Non credo che augurerei al mio peggior nemico il dolore che ho sentito in quell'occasione.
Beh, forse sì, perchè di certo lo farebbe soffrire.
Può succedere di vivere con qualcuno, ridere con qualcuno, amare qualcuno che d'improvviso non c'è più.
Vuoi allungare una mano e trattenerlo, ma una barriera invisibile ti separa dall'altro.

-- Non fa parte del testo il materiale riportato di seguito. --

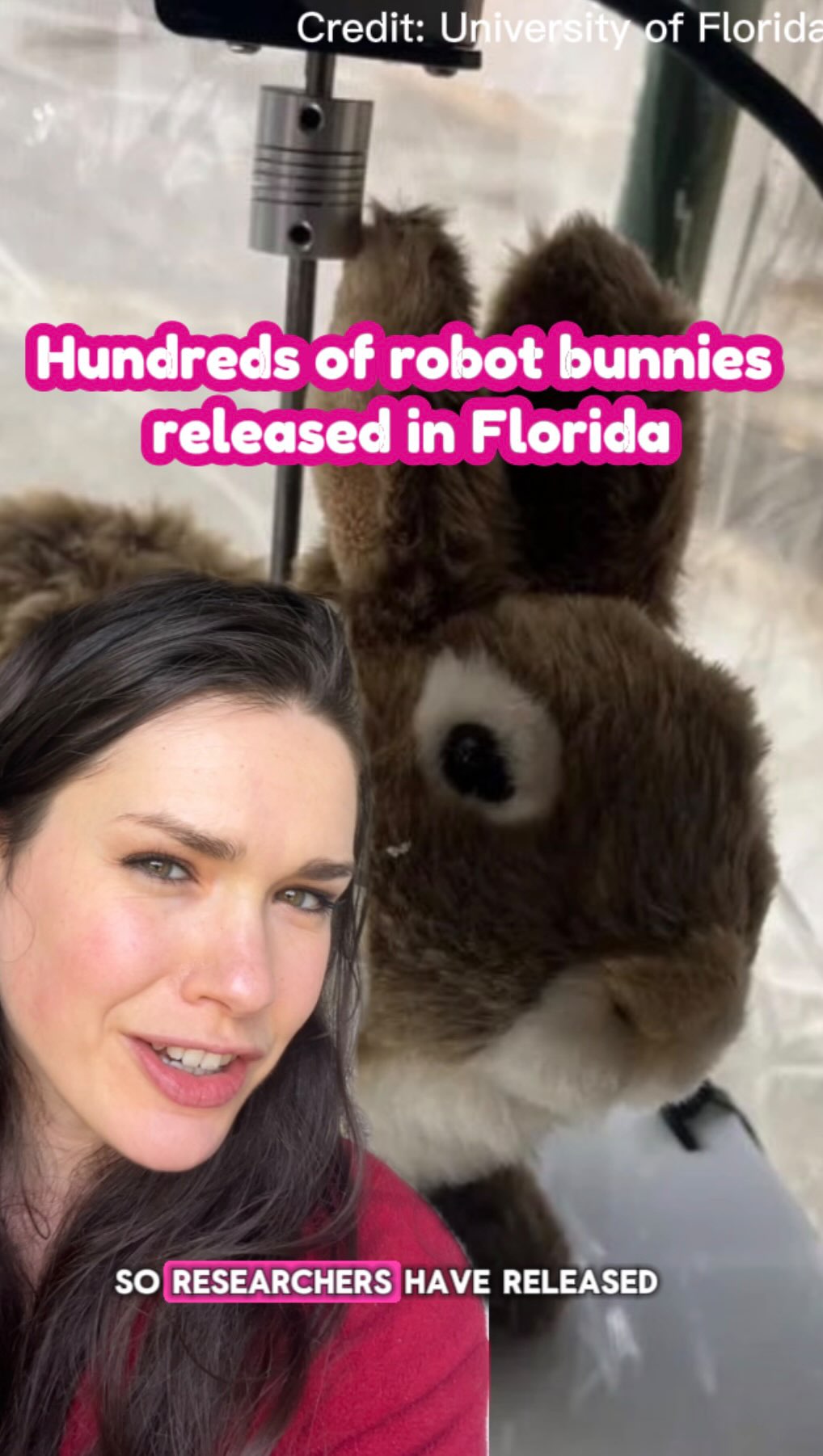 What if Watership Down was a dystopian sci-fiā¦well, not quite š
Researchers in Florida @uflorida have released 120 of these robot bunnies into the Everglades to help capture Burmese pythons. These snakes pose a serious threat to local wildlife but, being ambush predators, itās difficult for wildlife officials to find themā¦without a bit of help.
These DIY decoys are made from normal cuddly toys that were tweaked to move and smell like real rabbits and even emit heat signatures so that the snakes can find them. They were released last summer so Iām fascinated to see how the experiment has gone!
#snakes #biology #conservation #everglades #sciencenews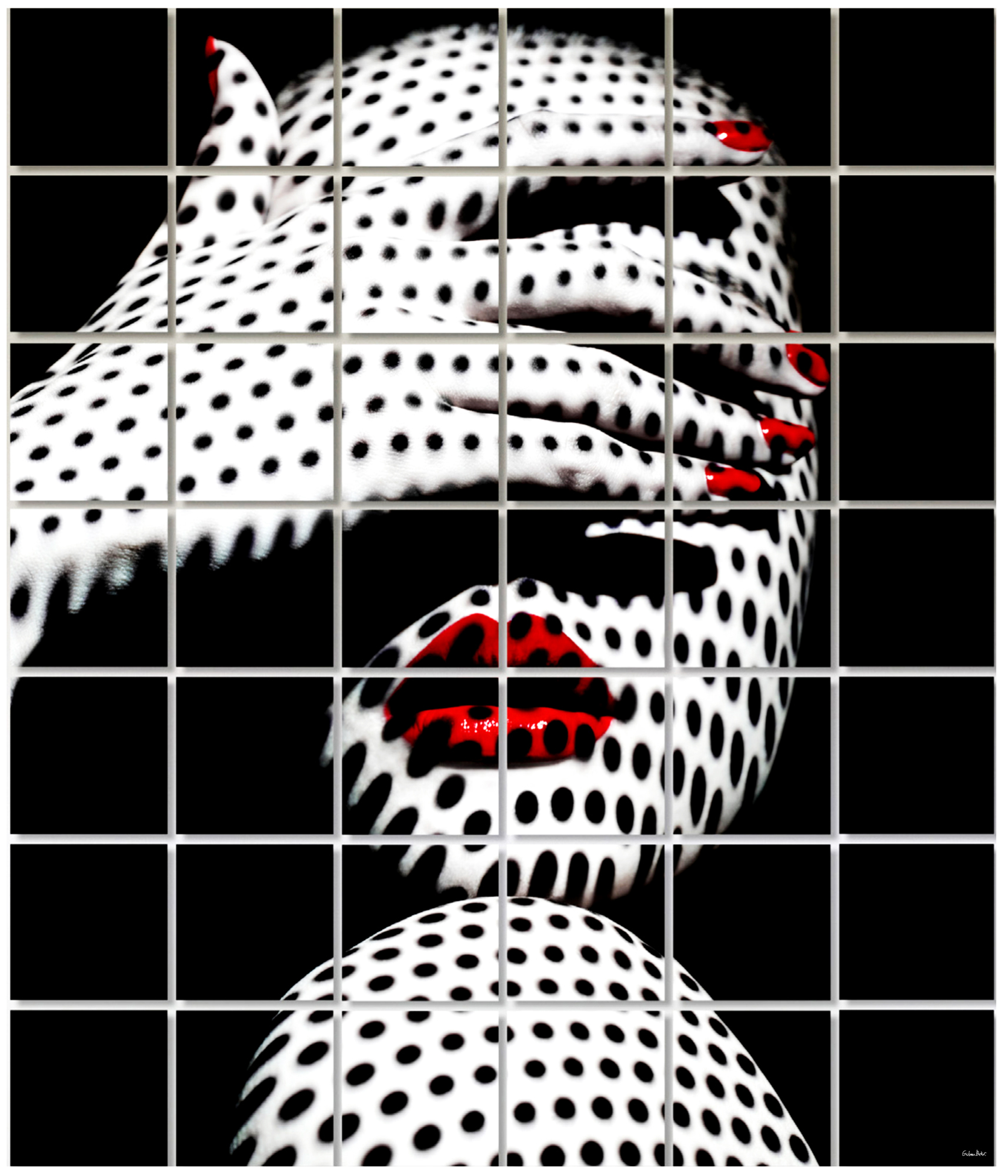 Modernismo Series M14 (42 Piece Collage)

Accadde così fra Simon e me.
In cucina ci eravamo comportati come due estranei, due maledetti estranei, anche se solo una settimana prima passavamo il tempo a sussurrarci quanto ci amavamo.
E' così che va nei rapporti, fa parte della vita, e tutte le canzoni d'amore, le poesie ed i film sono stati scritti da gente che si è trovata proprio lì, dove mi trovavo io quella mattina in cui Simon chiuse la porta.
Ma non è più facile per questo.
Che cosa vi posso dire della mia vita dopo che Simon mi ha lasciato?
Che mi svegliavo tutte le mattine con il cuscino bagnato di lacrime, quando avevo la fortuna di riuscire a dormire, s'intende.
Che la maggior parte delle notti mi addormentavo e sognavo Simon, sì, sognavo proprio lui finchè mi svegliavo piangendo alle tre del mattino e passavo il resto della notte a vagare senza meta per la casa, rivivendo ogni istante del nostro rapporto.
Che fino a quel momento non avevo mai capito che cosa significasse perdere una persona che ami davvero.
Che fino alla sera in cui Simon se ne andò dalla mia vita, non avevo mai capito che cosa fosse il dolore.
Ma le cotte non si trasformano mai in qualcosa di più, non è così?
Almeno non nella mia esperienza.
I rapporti hanno un modo silenzioso di arrivarti addosso, che ti prende alla sprovvista.
In un rapporto è l'uomo che ti corteggia e tu lentamente ti senti prima lusingata, poi un po' insicura, poi senti di avere bisogno di lui e tutto questo si trasforma in amore.
Le cotte si spengono dopo qualche settimana di eccitazione, seguita dal dolore della delusione.